La soledad aparece, en primer lugar, como un sentimiento, con todo lo que tiene de un sentido compartido, de algo reconocible por el otro, del sentir que corresponde a un afecto, pero sobre todo con lo que ese senti-miento tiene de un “-miento”. La soledad como sentimiento siempre miente un poco sobre la verdadera pareja del sujeto, esa pareja que le acompaña inevitablemente como su sombra, o mejor, que le acompaña bajo la sombra de su imagen narcisista. Cuando alguien nos habla, en un tono más o menos quejoso, de su soledad sabemos que no hay que creerle mucho, que en realidad se está confrontando a lo insoportable de lo que le es más cercano, a lo insoportable de su verdadera pareja.

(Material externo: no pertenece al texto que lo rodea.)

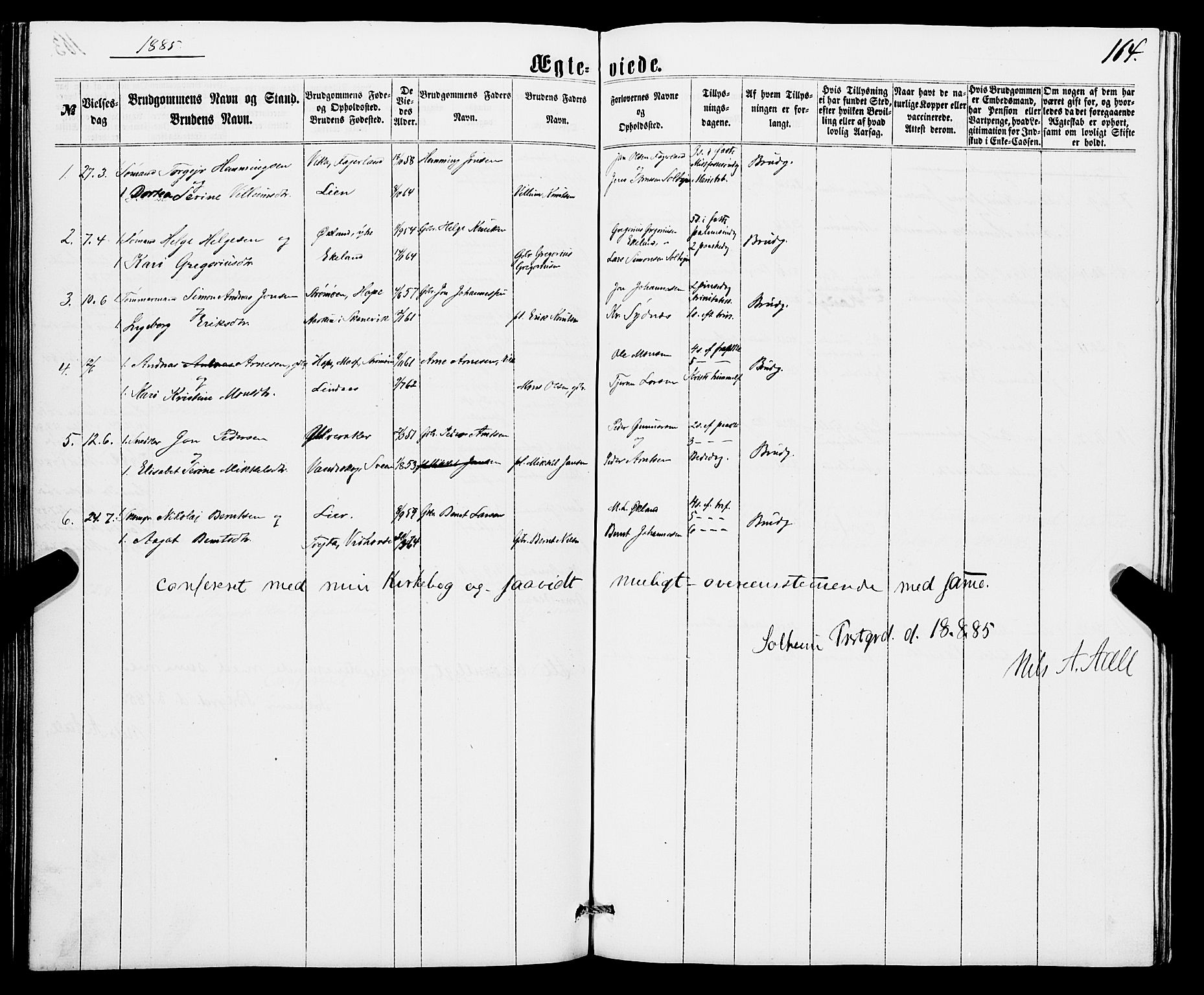 Sveio Sokneprestembete, SAB/A-78501/H/Hab: Parish register (copy) no. B 1, 1864-1886, p. 164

Es en este sentido que he propuesto distinguir el sentimiento de soledad del “estar a solas”. Siempre se está a solas con algo (con un libro, con uno mismo, hasta con Dios), pero no necesariamente con alguien.

Tal vez la experiencia analítica sea la experiencia más verdadera de estar a solas con… ¿con qué, precisamente? El “a solas” introduce una presencia irreductible, que no pude negativizarse, esa presencia que la enseñanza de Lacan escribe con el objeto a y que es finalmente, una vez despojado de todas las identificaciones narcisistas, el lugar en el que el sujeto puede, si quiere, reconocer a su verdadera pareja.

Tampoco hay que creer mucho al psicoanalista cuando piensa hablar de su soledad. No parece una excepción en este punto y todo depende, en realidad, del uso que haga de ella. Es una soledad enigmática para unos, apreciada por otros, cultivada incluso por algunos más como su bien más preciado e indiscutible.

Freud pensaba, en efecto, que todo grupo humano funcionaba según aquella imagen, acuñada por Schopenhauer, del grupo de puercoespines que se acercaban unos a otros en el crudo día invernal cuando sentían frío pero que debían alejarse de repente cuando se herían unos a otros con sus púas al acercarse demasiado. Y así se pasaban el tiempo sin poder acercarse ni separarse del todo. Podían quejarse sin duda de su soledad, pero en realidad era de la soledad de no poder estar a solas con sus propias púas. Schopenhauer pensaba que la solución estaba en encontrar la buena distancia entre los puercoespines para establecer un vínculo social soportable entre ellos. Encontrar la buena distancia con el objeto fue, por otra parte, el objetivo analítico de una corriente sabiamente criticada por Lacan en los años cincuenta, la así llamada corriente de “la relación de objeto”. El problema es, precisamente, que no hay relación posible con el objeto, no hay relación que pueda escribirse de manera recíproca para fundar esa buena distancia entre unos y otros, esa buena distancia que sería el ideal de comunidad. Así, la comunidad parecería condenada o bien a quejarse o bien a satisfacerse en la soledad de sus miembros.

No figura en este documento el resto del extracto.